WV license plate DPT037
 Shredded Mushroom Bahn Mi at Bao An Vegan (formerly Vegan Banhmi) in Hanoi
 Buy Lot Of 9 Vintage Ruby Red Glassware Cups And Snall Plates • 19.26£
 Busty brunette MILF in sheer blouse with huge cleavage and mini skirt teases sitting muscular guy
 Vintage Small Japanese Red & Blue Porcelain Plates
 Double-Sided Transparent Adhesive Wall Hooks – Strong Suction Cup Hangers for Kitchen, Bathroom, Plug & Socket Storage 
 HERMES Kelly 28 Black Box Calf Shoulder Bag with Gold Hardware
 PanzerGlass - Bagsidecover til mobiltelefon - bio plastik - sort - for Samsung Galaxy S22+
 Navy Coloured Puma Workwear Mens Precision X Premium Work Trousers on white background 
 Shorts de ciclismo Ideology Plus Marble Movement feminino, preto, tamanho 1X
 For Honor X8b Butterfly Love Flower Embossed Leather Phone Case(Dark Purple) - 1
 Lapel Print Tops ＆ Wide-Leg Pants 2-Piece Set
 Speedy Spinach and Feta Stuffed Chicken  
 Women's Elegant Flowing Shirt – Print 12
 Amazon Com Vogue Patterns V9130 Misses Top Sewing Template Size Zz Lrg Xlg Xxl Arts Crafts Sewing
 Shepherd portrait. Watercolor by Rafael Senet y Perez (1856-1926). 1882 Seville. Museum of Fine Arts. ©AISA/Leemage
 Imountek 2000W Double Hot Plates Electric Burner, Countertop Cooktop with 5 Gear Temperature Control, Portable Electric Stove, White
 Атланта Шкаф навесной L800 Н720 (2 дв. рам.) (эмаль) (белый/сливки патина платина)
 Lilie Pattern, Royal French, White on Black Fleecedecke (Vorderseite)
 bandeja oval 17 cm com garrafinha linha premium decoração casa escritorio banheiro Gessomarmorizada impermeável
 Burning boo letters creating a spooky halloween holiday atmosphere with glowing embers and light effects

————

WHAT THE TASK ASKS -
Every line above from the line with "Lapel Print Tops" to the line with "bandeja oval 17" is wanted, ends included; write them out exactly and add no other line.

EXERCISE RESULT -
 Lapel Print Tops ＆ Wide-Leg Pants 2-Piece Set
 Speedy Spinach and Feta Stuffed Chicken  
 Women's Elegant Flowing Shirt – Print 12
 Amazon Com Vogue Patterns V9130 Misses Top Sewing Template Size Zz Lrg Xlg Xxl Arts Crafts Sewing
 Shepherd portrait. Watercolor by Rafael Senet y Perez (1856-1926). 1882 Seville. Museum of Fine Arts. ©AISA/Leemage
 Imountek 2000W Double Hot Plates Electric Burner, Countertop Cooktop with 5 Gear Temperature Control, Portable Electric Stove, White
 Атланта Шкаф навесной L800 Н720 (2 дв. рам.) (эмаль) (белый/сливки патина платина)
 Lilie Pattern, Royal French, White on Black Fleecedecke (Vorderseite)
 bandeja oval 17 cm com garrafinha linha premium decoração casa escritorio banheiro Gessomarmorizada impermeável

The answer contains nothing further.